Length: 43 min
Format: DigiBeta
Language: German, French
Directed by: Jörg Daniel Hissen and Franz Michael Rohm
DoP: Uli Fischer
TV co-producer: ZDF/ARTE, SF, Phoenix
Year: 2008
Worldsales: united docs
The impressive landscape of the Atchafalaya Basins in south-west Louisiana is part of the largest marshland of the USA. For more than 200 years, Cajuns have lived here; the descendants of French settlers who were expelled from Canada in the mid-18th century.
Since arriving in the Atchafalaya Basin the Cajuns lived off the fat of the land. But due to intensive fossil fuel extraction and intensive logging of the primeval cypress forests it is inescapable: these developments threaten the very existence of the few remaining fishermen. For a long time Cajuns were smirked about as ignorant boondocks dwellers, but since they began fighting to retain their unique ecosystem they are finally being taken seriously.

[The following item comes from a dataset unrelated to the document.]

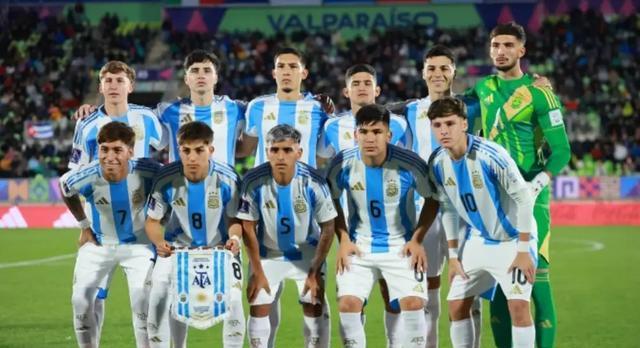 他们小组赛, 的非常强势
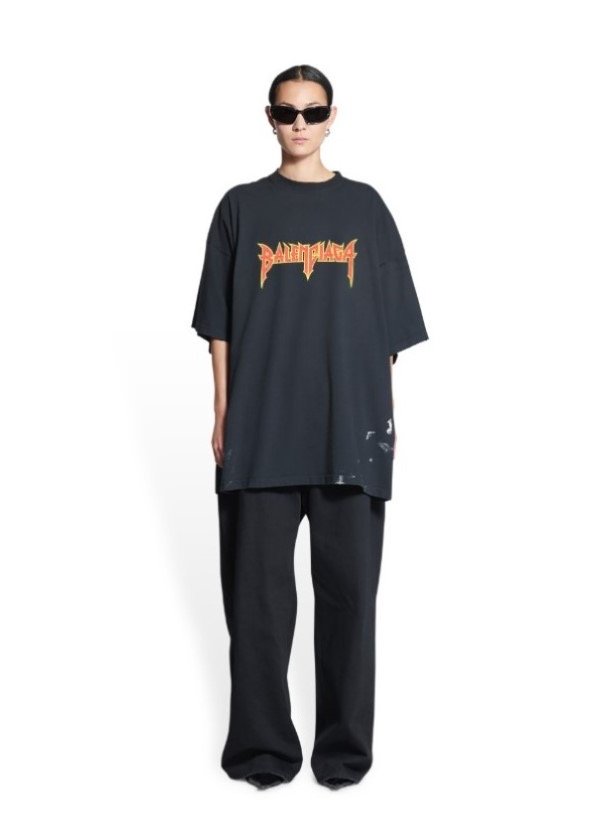 futbolka-balenciaga-metal-logo-chernaya4_m10337110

The film crew accompanies the environmental activists Gene Seneca, a photographer, and Greg Guirard, a river-crab fisher, and the Lord-mayor and fisher Sherbin Colette. They take the viewer on a trip into fascinating landscapes of magically luminous lakes and marshland wreathed in mist. One of the Cajuns aims in Louisiana is to win national cultural heritage status for the Atchafalaya Basin in order to preserve the nature and culture of the area. Then money would start flowing from Washington for environmental projects and the creation of ecologically sustainable tourism.